Portable storage is an excellent investment; the industry is growing fast, getting started is more straightforward than other business models, and it doesn’t require a substantial amount of money initially.
One of the first looming questions when starting in the portable storage business is “How many?” Thoughtfully deciding on how many units initially needed can make or break your success.
The best recommendations will prioritize a few factors that better align your business practices and your inventory.
Identifying and researching your target market will help to estimate the demand for portable storage in the area, as well as how many storage containers customers use on average.
Individuals and businesses can utilize storage containers in several ways. Having an accurate representation of both individual buyers and market size will help to gauge the potential inventory needs in your specific location.
For example, an individual who needs some short-term storage while moving across town typically requires only one or two containers maximum. In this case, if a lot of your target market is made up of students, then there is no need for many containers to start your portable storage business.
However, to successfully satisfy customers in large commercial niches like construction, more portable storage units are needed for two reasons:
These large customers usually need multiple storage containers at once because of project size or amount of resources.
The individual moving across town won’t need that storage for more than a couple weeks. Construction companies may require that storage for more extended periods as their projects take significant or indefinite amounts of time.
If unable to decipher the lifestyles of your target market then franchising could offer a way to operate with fewer containers. Franchises have the advantage of a notable brand name.
A brand name can give the needed exposure to your market providing sufficient business traffic even with a smaller number of portable containers. Brands often come with extensive company policies and time tested processes to optimize the customer’s experience.
If portable storage is a newer concept in your area a trusted brand may make for a quickly solidified investment. Franchising will have an initial fee to be factored in expenditures, but a recognizable brand will allow for the ability to require less portable containers at the beginning.
You can do all the research in the world, but make decisions based on a plan that enumerates what you have saved or can borrow as well.

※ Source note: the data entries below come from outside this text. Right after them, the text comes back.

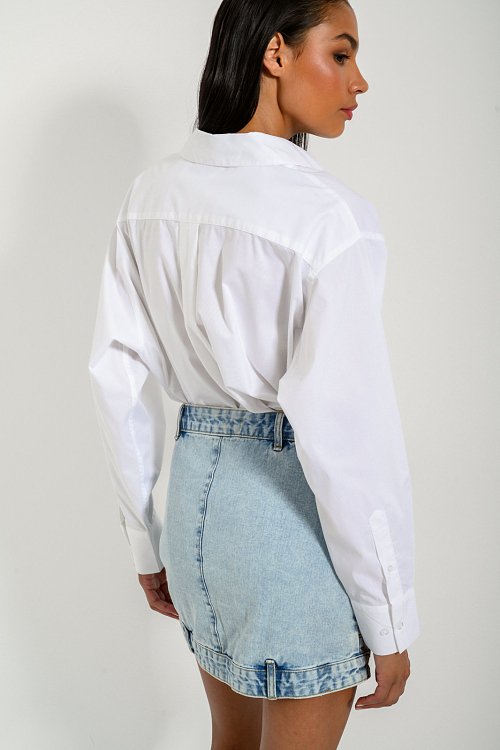 Mini denim skirt with asymmetric details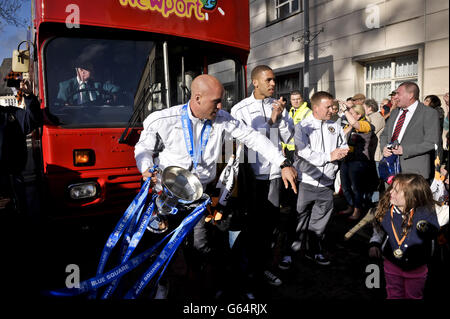 Les joueurs de l'équipe de football AFC de Newport County débarquent du bus à toit ouvert, y compris le capitaine de l'équipe David Pipe tenant le trophée, au centre civique pendant le défilé de victoire des clubs à travers Newport. Banque D'Images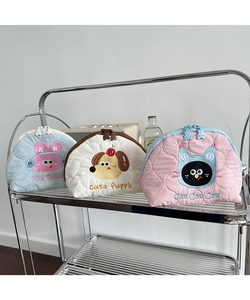 Detailed view of quilted makeup bags with cute animal embroidery on a metal shelf
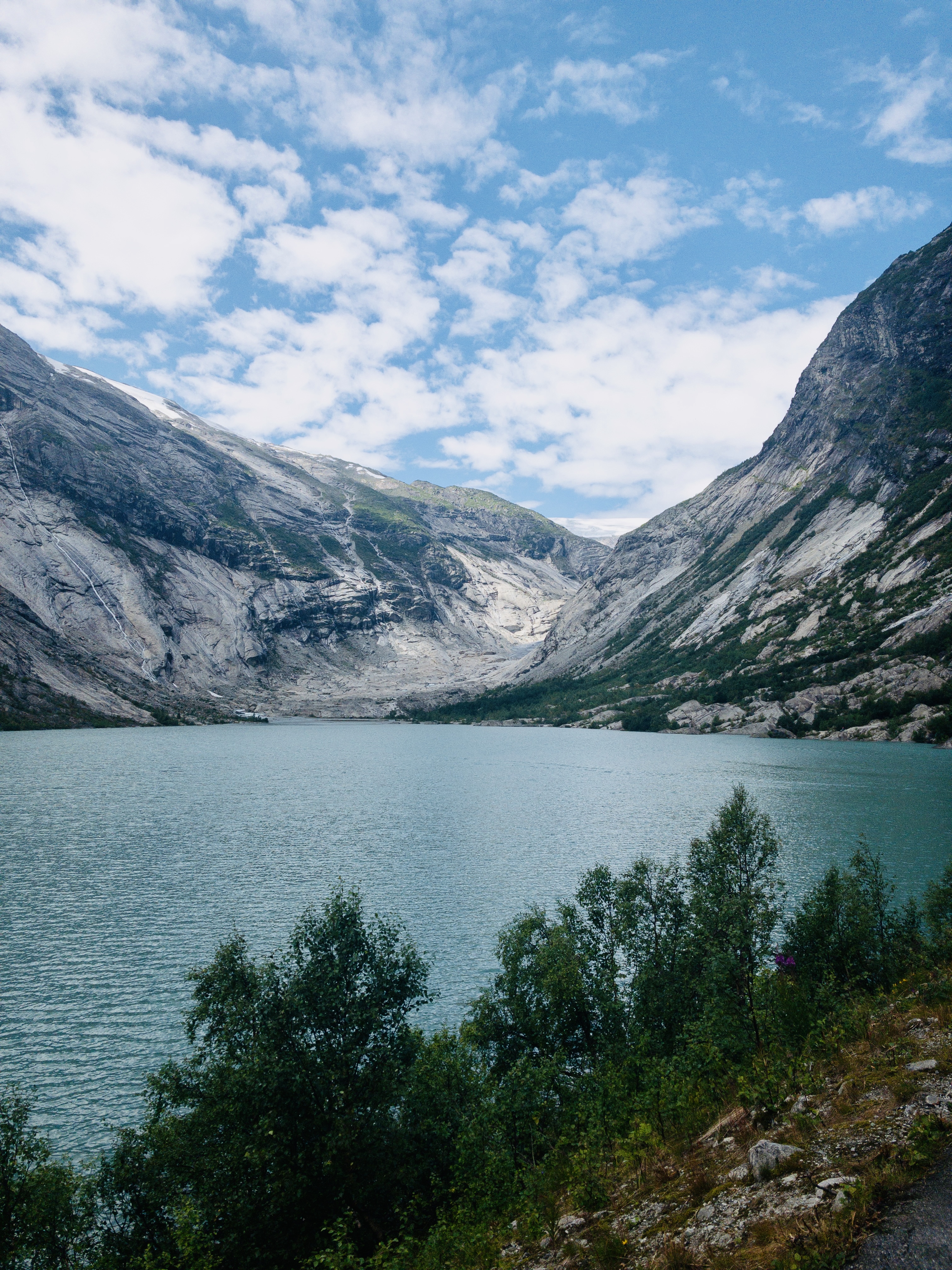 A part of the Norwegian Fjords with mountains and a idyllic ocean.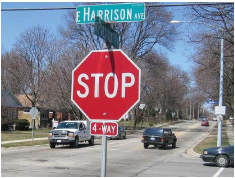 A stop sign with a "4-Way" plaque below mounted below it.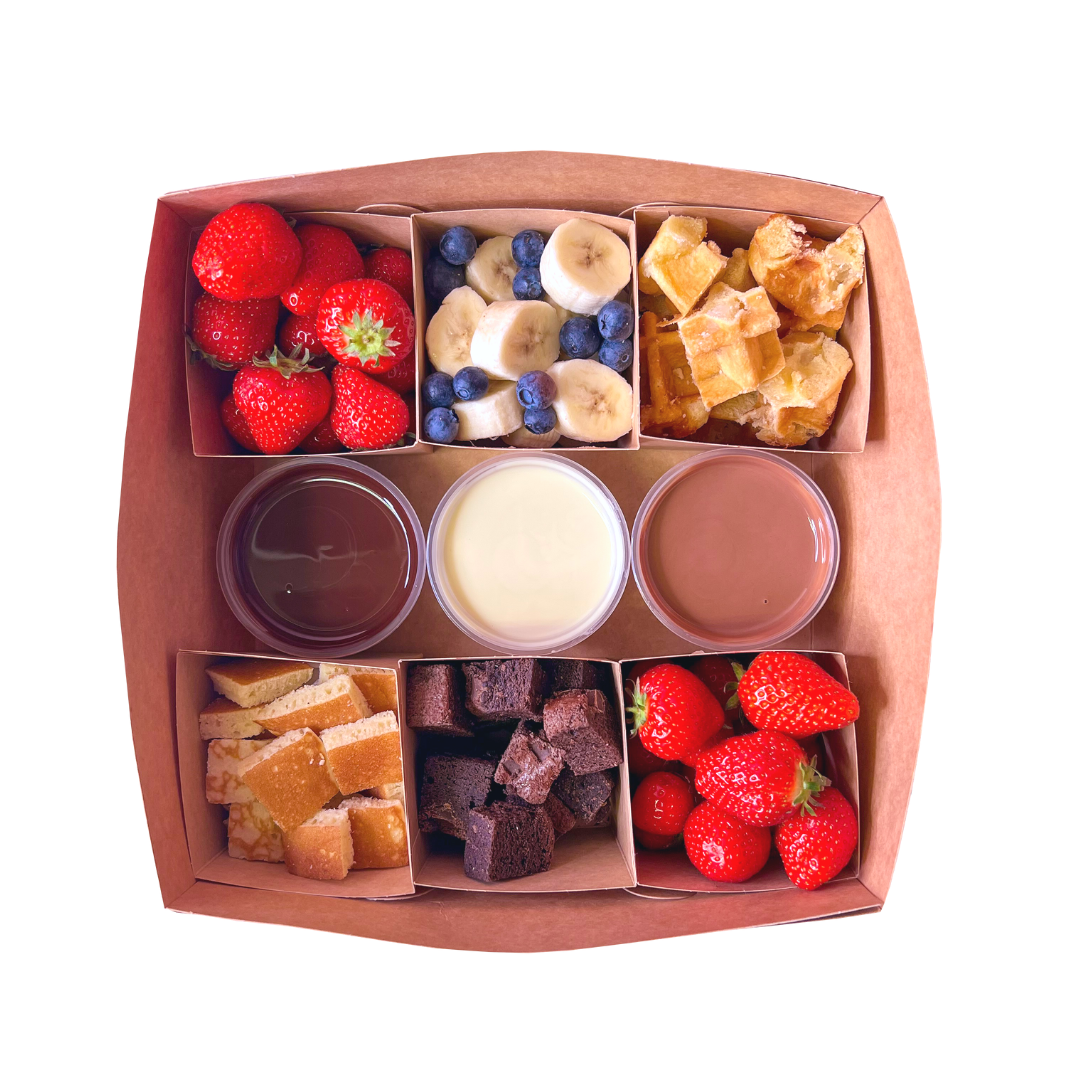 fika i låda medium size with 6 toppings as brownies, waffles, fresh fruits and pancakes, and 3 different chocolates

The initial investment will provide a budget for purchasing in regards to portable storage.
The size of your investment doesn’t just include the costs of the containers themselves, either; you need to think about other costs of running a portable business such as labor, equipment, location, and delivery methods for the containers.
Having a high quantity of containers to supply a vast market isn’t always possible with a modest budget. The particular “downside” of having a smaller inventory can become a benefit if you create the proper perspective for your potential customers.
In the case of having very few containers to start with, you can play to the scarcity of available portable containers with marketing techniques. Customers don’t want to “miss out,” especially if they think they’ll need your service down the road.
Use persistent language to appeal to your potential customers.
Collect and adequately database contacts that had inquired about your portable containers even when all of your units were out for rental. This smaller supply can be what prevents your fledgling portable storage business from going under by having a quick turnaround between uses.
With sufficient funding, having more containers could satisfy a broader market. Purchasing more containers up front helps you to feel more confident renting more units per customer.
A vast inventory will allow for more consistency between the business and return users helping to serve bigger, long-term customers.
All in all, your business goals will heavily influence the number of containers you should invest in initially.
Is portable storage a way to add a side income stream without a considerable investment? If so, then you don’t need more than a few containers.
If you have the desire and capital to fulfill the needs of a big market, go all in on as many containers as you can house, access, and deliver.
Self storage is a known investment opportunity, but portable storage is explored less by operators. Portable storage can be incorporated into an established storage business, or it can be the basis for a new operation depending on market and location.
You can offer a unique and versatile experience in self storage by acknowledging that portable storage is a viable option.
Research the lifestyles and needs of people in your area, budget the amount you can responsibly invest, and set goals that directly relate to the size of your involvement to establish the perfect inventory quantity for your business.